Remember that moment in Chapter 29 of Harry Potter and the Deathly Hallows in which Neville is talking to Harry, Hermione, and Ron, filling them in on what they have missed at Hogwarts during their adventures searching for hallows and horcruxes? Neville says, “…he teaches what used to be Defense Against the Dark Arts, except now it’s just the Dark Arts.”
This scene is how I have felt for the past three weeks.
Meanwhile, my city, Washington, DC, is trying as hard as anyone else to prepare for the next four years. This evening on the bus, I overheard a conversation between two people who work either for or with HUD and the EPA, respectively. They were discussing which agency would have a harder time fulfilling its mission under its newly appointed secretary. Both agencies are in the midst of the transition process, like so many other federal agencies and buildings, including some that also serve as living museums or visitor destinations.
The White House is getting ready for its new First Family, and a treasure trove of memes show imagined conversations in which Vice President Biden describes, to a chagrined President Obama, the pranks he has planned. At the Capitol, offices will be prepared for newly elected legislators. Conspicuously absent from the frenzy of getting ready for new occupants is the Supreme Court, where the ninth seat sits empty, seven months after Justice Scalia’s death and six months after President Obama nominated Merrick Garland for the vacancy.
Trump International Hotel (which I last visited on the Fourth of July in 2013, when I knew it as the Old Post Office Pavilion) is required to keep the historical tower part open to the public, though it is currently closed for renovation until “late 2016.”

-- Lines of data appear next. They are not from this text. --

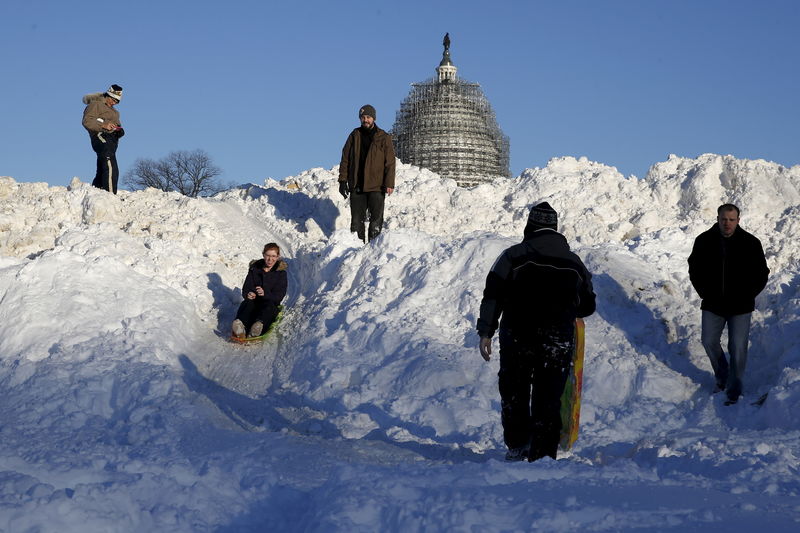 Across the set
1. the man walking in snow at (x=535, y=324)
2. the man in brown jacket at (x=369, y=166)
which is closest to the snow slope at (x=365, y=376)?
the man walking in snow at (x=535, y=324)

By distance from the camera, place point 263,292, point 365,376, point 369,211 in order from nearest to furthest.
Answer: point 365,376, point 263,292, point 369,211

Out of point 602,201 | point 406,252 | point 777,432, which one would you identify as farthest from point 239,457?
point 602,201

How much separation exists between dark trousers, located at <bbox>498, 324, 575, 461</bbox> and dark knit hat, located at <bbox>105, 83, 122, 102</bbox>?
382 inches

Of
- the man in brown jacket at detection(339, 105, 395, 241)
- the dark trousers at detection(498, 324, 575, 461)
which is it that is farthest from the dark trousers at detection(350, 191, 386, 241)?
the dark trousers at detection(498, 324, 575, 461)

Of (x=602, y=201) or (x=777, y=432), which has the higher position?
(x=602, y=201)

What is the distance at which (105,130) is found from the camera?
1256 cm

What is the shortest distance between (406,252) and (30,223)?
536cm

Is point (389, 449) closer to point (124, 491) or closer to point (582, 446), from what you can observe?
point (582, 446)

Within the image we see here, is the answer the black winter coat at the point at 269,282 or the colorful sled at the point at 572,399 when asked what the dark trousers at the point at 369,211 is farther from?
the colorful sled at the point at 572,399

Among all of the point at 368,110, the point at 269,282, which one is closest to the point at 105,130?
the point at 368,110

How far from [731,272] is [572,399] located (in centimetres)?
194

Other museums will reflect the change in administration as well. At the National Museum of American History, we will have to wait at least four years to find out how the First Ladies Exhibit might change when a woman is elected president. Melania Trump will be added to the exhibit, and Donald Trump will be added to the exhibits of presidents at NMAH as well as the National Portrait Gallery.
While Trump is living (at least part-time) in DC, he will have the opportunity not just to be a museum subject, but also a museum visitor. I recently asked, on Facebook, Twitter, and this blog, what DC-area museum Trump should be sure to visit and learn from during his presidency.
The answers I received included:
- United States Holocaust Memorial Museum (USHMM)
- National Museum of African American History and Culture (NMAAHC)
- A science or natural history museum
- All the Smithsonian museums
- All the museums
Although Barack Obama is not my Facebook friend, he answered my question too! In fact, he answered it back in September, before anyone actually expected Trump to be elected. Like a couple of my Facebook friends, Obama recommends that Trump visit the new NMAAHC, calling on Trump and all of us to “use our history to propel us to make even more progress in the future.”
May our history propel us toward more progress, indeed. Many of us are afraid right now. It’s up to all of us to work toward building a reality in which these fears do not come true.